The Guns I came home from evacuation in time for the blitz on London, so all the hassle of evacuation was totally negated, except it had been an incredible experience and I had learned more about life in one year than I would have in three or four, at home.
At the time, among the younger people there was a level of excitement, which I suppose, was the same hysteria felt by our fathers, twenty-six years earlier. We were dying to get into the war, to join the others we had known at school who were two years older and already in uniform. Our only recourse was second best, if we couldn’t get into it, we would watch from the sidelines and perhaps also try to join the Home Guard. If my mother had known what we were up to in those early days of the blitz she would probably have tried to chain me to a water pipe, but she thought I was playing Ludo or some other parlour game in a friend’s house, as did all our parents. Fortunately, then, the telephone was the exception rather than the rule. Our little subterfuges, lies if you like, were easy to make convincing.
Around where we lived there were Ack Ack gun emplacements, there was one handy to Clapham South Station, on Clapham Common, and this was often our substitute for a night at the cinema. We had a rough idea when the raids would start and would go up to the Common and hang about outside the fence within which were several guns, manned by soldiers. We would hear guns and see the searchlight beams in the distance. Next there would be a sudden hiss and crack as our searchlight would arc-up and a huge, bright beam would shoot up into the air and move with a stiff but steady motion, like a bright stick of light, a gigantic pointer sweeping the sky, then the guns would open up and the immense noise of the first salvo was both startling and exciting.
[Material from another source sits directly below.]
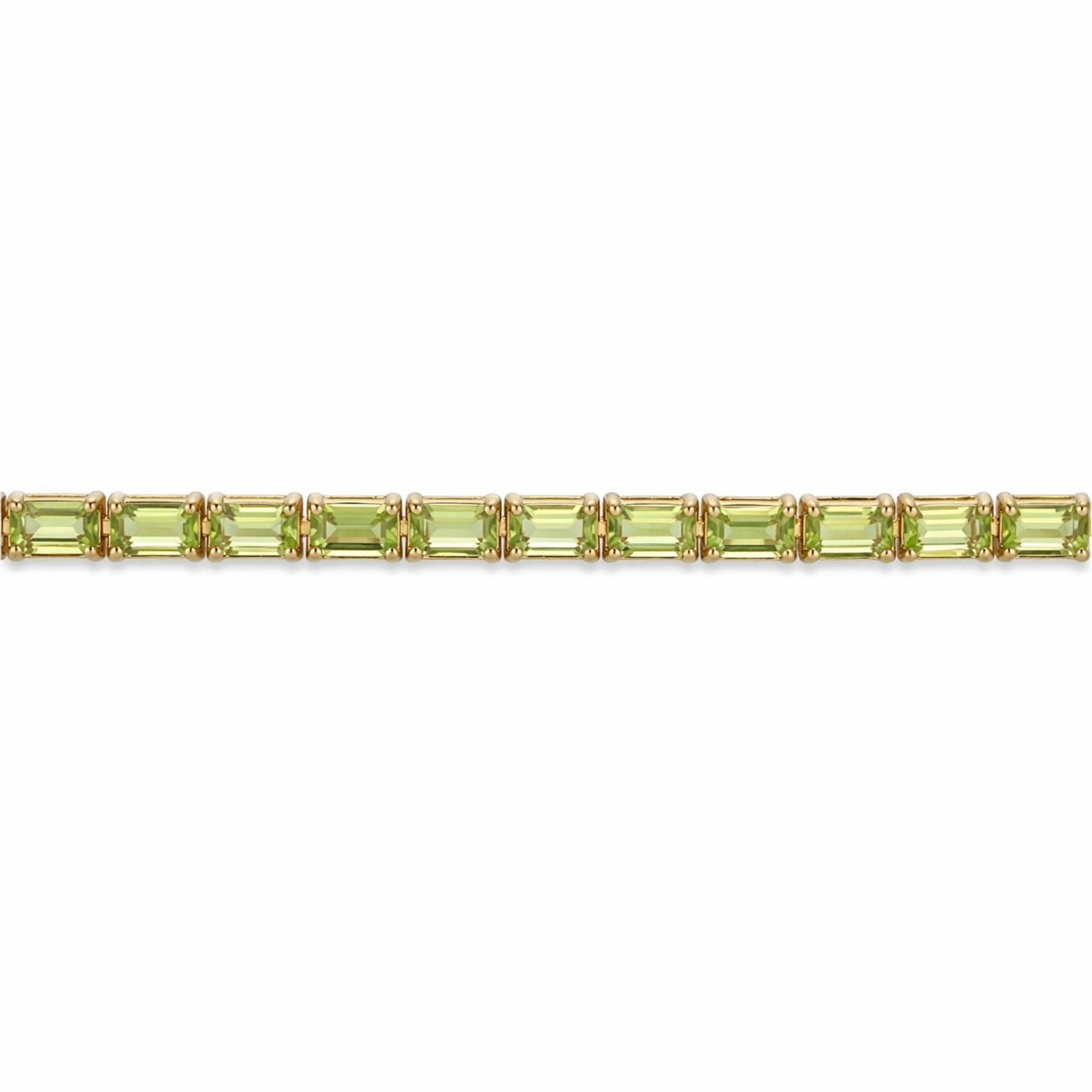 9.6 Ct Emerald Green Peridot Prong Silver Tennis Bracelet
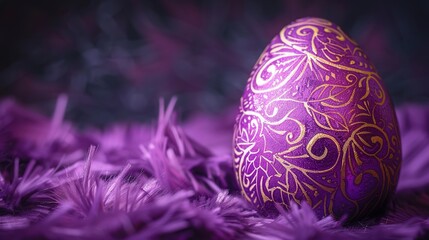 Vibrant Purple Easter Egg with Intricate Patterns on Dark Background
What goes up, of course, must come down. The shells were timed to explode and designed to shatter into red-hot shards of jagged steel about four inches long and about three-quarters of an inch square in cross section, twisted and bent – lethal. These would fall to earth during an Ack Ack bombardment, hitting the pavement at speed, creating sparks and then ricocheting off into the darkness in any direction. Sometimes one could hear a sort of purring noise as they hurtled through the air. Everyone picked up their first when it was too hot to handle, but experience is a great teacher.
We wore tin hats we had scrounged because there was no warning when a shower of steel was likely to fall. It was not our guns that were the problem, they were making steel rain for someone over Wandsworth of Streatham. We were getting someone else’s shrapnel, and it was on you before you were aware. The cacophony of the guns obscured how close or distant the action was and therefore where the metal rain might fall. The strange thing was we were not afraid, merely afraid of missing some momentous historical moment, which we did. We were too young and too stupid. When something really serious really did happen, fortunately we were several streets away from Balham Station.
I remember the Parachute Mines, as we called them, they could clear a good many houses if they exploded . About half a mile from us, after a night’s raid the woman of a house in Upper Tooting went into her front, first-floor room to find a mine hanging by the ‘chute’ cord in the room. It had come through the roof but not exploded. Fortunately the army defused it.